The participants have already been assembling for days and there are dozens of walking bands with highly polished brass instruments, local girls in brightly coloured swirling dresses balancing huge floral arrangements on their heads and young men and boys rhythmically manoeuvring enormous papier mache figures on tall white poles, all parading up and down the streets as if to announce their arrival in Oaxaca.
What makes this so wonderful is that each group represents a particular community that’s competing or participating in Guelaguetza, so they’re accompanied by, followed along by, their proud fellow villagers.

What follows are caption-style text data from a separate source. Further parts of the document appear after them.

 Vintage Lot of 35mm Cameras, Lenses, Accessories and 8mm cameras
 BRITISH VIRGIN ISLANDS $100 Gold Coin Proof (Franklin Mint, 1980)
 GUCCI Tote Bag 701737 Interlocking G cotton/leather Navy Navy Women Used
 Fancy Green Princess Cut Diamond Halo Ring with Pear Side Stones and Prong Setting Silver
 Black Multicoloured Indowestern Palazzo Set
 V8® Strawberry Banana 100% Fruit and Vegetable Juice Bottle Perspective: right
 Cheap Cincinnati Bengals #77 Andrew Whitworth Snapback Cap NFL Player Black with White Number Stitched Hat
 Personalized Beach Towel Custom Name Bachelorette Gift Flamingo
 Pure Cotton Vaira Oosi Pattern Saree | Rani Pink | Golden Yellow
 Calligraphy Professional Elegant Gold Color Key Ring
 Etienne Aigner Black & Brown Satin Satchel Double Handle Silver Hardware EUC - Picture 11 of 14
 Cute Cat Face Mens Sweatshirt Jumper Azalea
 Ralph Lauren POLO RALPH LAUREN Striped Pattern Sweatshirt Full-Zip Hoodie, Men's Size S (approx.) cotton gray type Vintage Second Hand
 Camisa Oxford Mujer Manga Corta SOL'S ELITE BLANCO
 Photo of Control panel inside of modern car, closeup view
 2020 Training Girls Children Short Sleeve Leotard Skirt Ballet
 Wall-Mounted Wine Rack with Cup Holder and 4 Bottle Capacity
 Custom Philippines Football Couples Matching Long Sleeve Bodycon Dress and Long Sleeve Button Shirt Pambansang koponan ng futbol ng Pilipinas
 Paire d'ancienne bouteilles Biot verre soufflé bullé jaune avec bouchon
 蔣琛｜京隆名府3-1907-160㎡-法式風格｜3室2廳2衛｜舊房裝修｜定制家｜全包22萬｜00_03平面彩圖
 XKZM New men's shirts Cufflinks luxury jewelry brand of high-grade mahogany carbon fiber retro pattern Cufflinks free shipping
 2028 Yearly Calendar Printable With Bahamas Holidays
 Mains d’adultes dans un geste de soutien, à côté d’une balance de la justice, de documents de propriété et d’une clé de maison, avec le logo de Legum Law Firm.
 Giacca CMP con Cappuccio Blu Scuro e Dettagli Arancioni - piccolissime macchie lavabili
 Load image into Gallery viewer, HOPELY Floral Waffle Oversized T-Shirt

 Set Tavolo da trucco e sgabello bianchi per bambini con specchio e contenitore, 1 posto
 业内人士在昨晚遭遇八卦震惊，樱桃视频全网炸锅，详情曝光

Kind of like the Pied Piper of Oaxaca, but much louder and brighter!
The town isn’t awash with overseas tourists as you might imagine, but with throngs of Mexicans, mostly locals it seems, dressed up in their finery, and all contributing something to the festival, be it native food (including of course, the obligatory fried grasshoppers, worms and grubs), a stunning array of crafts, textiles, rugs (we want so badly, but can’t because of our self-imposed baggage allowance)… you name it, it’s here.
The walking bands and parades go well into the night and seem to be on a constant circuit of downtown, accompanied, of course, by fire cracker bangs and roars from the crowd. So, this goes on for two more weeks. It could be either exhausting or… we might have to join in. Watch this space.
Highlight of the day – a troupe of medieval lute and guitar players in heavy black period costume parking themselves at an adjacent table, ordering jugs of beer and then singing drinking songs whilst playing – joyously and with enviable camaraderie (Anthony added that bit).